Donovan Sean 4
4 · BETA Technologies, Inc. · Filed Apr 16, 2026
Research Summary
AI-generated summary of this filing
BETA COO Sean Donovan Receives 35,491-Share Award
What Happened
- Sean Donovan, Chief Operating Officer of BETA Technologies (BETA), was reported to have acquired 35,491 shares on 2026-04-14 as an award/vesting (transaction code A). The filing lists the acquisition price as $0.00 (shares issued upon vesting), so no cash purchase or open-market sale occurred.
Key Details
- Transaction date and price: April 14, 2026 — 35,491 shares acquired at $0.00 per share (award/vesting).

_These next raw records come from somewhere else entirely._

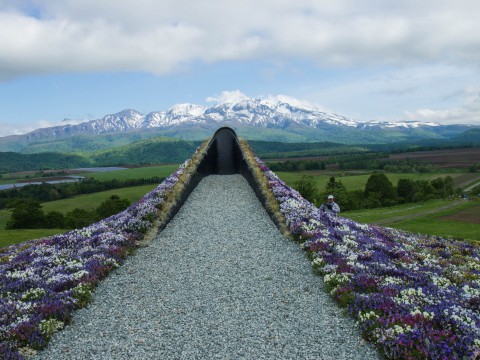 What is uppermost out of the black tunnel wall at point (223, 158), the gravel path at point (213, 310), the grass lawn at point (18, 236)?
the black tunnel wall at point (223, 158)

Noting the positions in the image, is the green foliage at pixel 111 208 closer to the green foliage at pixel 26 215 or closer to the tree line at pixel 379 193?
the green foliage at pixel 26 215

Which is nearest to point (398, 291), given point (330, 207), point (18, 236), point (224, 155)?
point (330, 207)

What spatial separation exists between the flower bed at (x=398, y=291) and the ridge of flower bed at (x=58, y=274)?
29.4 ft

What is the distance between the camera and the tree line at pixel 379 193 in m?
108

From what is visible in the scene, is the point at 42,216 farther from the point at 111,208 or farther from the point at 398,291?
the point at 398,291

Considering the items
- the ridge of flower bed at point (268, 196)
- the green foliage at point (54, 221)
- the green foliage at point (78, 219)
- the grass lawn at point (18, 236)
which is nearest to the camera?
the ridge of flower bed at point (268, 196)

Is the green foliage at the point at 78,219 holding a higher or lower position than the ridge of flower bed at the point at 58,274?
lower

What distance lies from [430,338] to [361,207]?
107 meters

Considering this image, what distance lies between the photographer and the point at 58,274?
1430 cm

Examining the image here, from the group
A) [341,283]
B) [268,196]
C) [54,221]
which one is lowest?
[54,221]

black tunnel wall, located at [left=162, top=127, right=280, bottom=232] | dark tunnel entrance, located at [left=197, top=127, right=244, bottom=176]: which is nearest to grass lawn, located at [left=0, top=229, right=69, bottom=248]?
black tunnel wall, located at [left=162, top=127, right=280, bottom=232]

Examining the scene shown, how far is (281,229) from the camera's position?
20734 millimetres

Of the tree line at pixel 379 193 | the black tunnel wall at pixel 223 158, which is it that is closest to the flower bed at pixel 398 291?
the black tunnel wall at pixel 223 158

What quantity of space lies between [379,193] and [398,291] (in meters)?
114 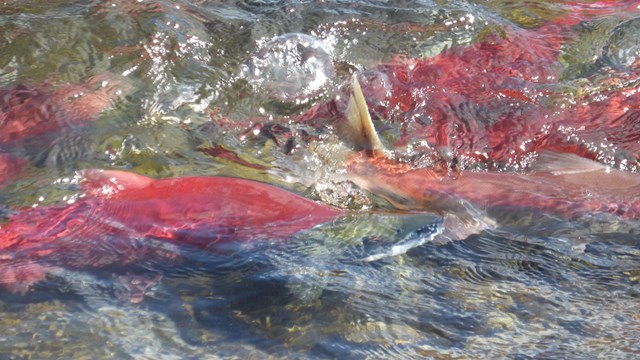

- Shares owned after transaction: Not disclosed in the information provided in this summary.
- Footnote: These shares represent Class A common stock received upon the vesting of performance-based restricted stock units (PSUs) granted on January 30, 2026; each PSU equals the contingent right to one share and vested because specified performance criteria were met.
- Filing timeliness: Report filed April 16, 2026 — within the typical two-business-day Section 16 reporting window (not marked late).
Context
- These were compensation-driven PSUs that converted to shares upon meeting performance targets; such awards are routine executive compensation and do not by themselves indicate buying or selling intent. No option exercise, sale, or cashless transaction is indicated — this is an issuance/vesting event.
Insider Transaction Report
Form 4
Donovan Sean
CHIEF OPERATING OFFICER
Transactions
- Award
Class A common stock
[F1]2026-04-14+35,491→ 195,203 total
Footnotes (1)
- [F1]Represents shares of Class A common stock received upon the vesting of performance-based restricted stock units ("PSUs") awarded to the Reporting Person on January 30, 2026, which vested based on the Issuer's satisfaction of certain performance criteria. In light of the performance-based vesting criteria of the PSUs, such shares were not previously reportable under Section 16. Each PSU represents the contingent right to receive one share of Class A common stock of the Issuer.